Hello, Srivatsa. On Fri, Dec 07, 2012 at 11:54:01PM +0530, Srivatsa S. Bhat wrote: > > lg_lock doesn't do local nesting and I'm not sure how big a deal that > > is as I don't know how many should be converted. But if nesting is an > > absolute necessity, it would be much better to implement generic > > rwlock variant (say, lg_rwlock) rather than implementing unusual > > cpuhotplug-specific percpu synchronization construct. > > To be honest, at a certain point in time while designing this, I did > realize that this was getting kinda overly complicated ;-) ... but I > wanted to see how this would actually work out when finished and get > some feedback on the same, hence I posted it out.

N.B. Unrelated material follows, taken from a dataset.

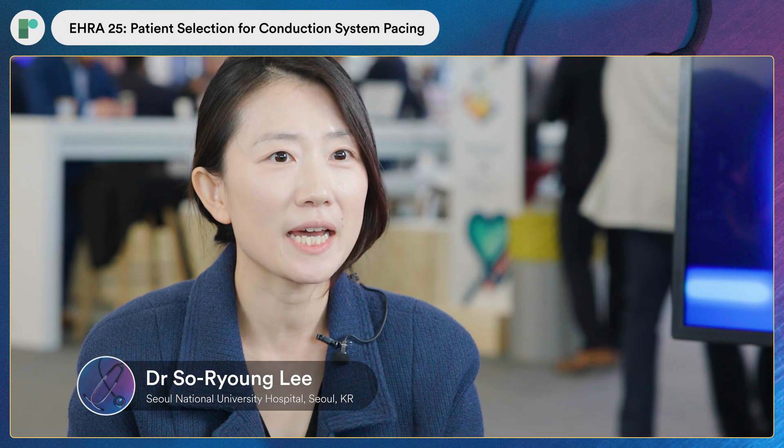Hello, I'm Dr. Lee from Seoul National University Hospital, Seoul, Korea. Today my talk is about CSP non-responders in patients with heart failure who are needing cardiac resynchronization therapy.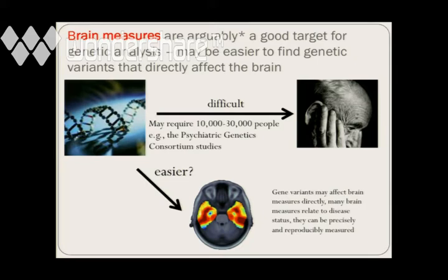It may be easier to find genes that directly affect the brain than those that affect a psychiatric illness. We know that finding genes that affect schizophrenia, autism, or major depression is very difficult. The psychiatric genetics consortium has evaluated tens of thousands of people, and usually when you get to about 30,000 people, you start to find some genes that have a statistical over-representation in patients. The hope is: maybe we could just use fewer images. When we set out on this, we had no idea whether you could find genes with 100 images or whether you'd need 20,000.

But this also proves > that we _can_ actually compete with the flexibility of preempt_disable() > and still be safe with respect to locking, if we really want to ;-) I got confused by comparison to preempt_disable() but you're right that percpu rwlock shouldn't be able to introduce locking dependency which doesn't exist with non-percpu rwlock. ie. write locking should be atomic w.r.t. to all readers. At the simplest, this can be implemented by writer backing out all the way if try-locking any CPU fails and retrying the whole thing. That should be correct but has the potential of starving the writer. What we need here is a generic percpu-rwlock. I don't know which exact implementation strategy we should choose. Maybe your switching to global rwlock is the right solution. But, at any rate, I think it would be best to implement proper percpu-rwlock and then apply it to CPU hotplug. It's actually gonna be pretty fitting as get_online_cpus() is being converted to percpu-rwsem. IIUC, Oleg has been working on this for a while now. Oleg, what do you think? Thanks.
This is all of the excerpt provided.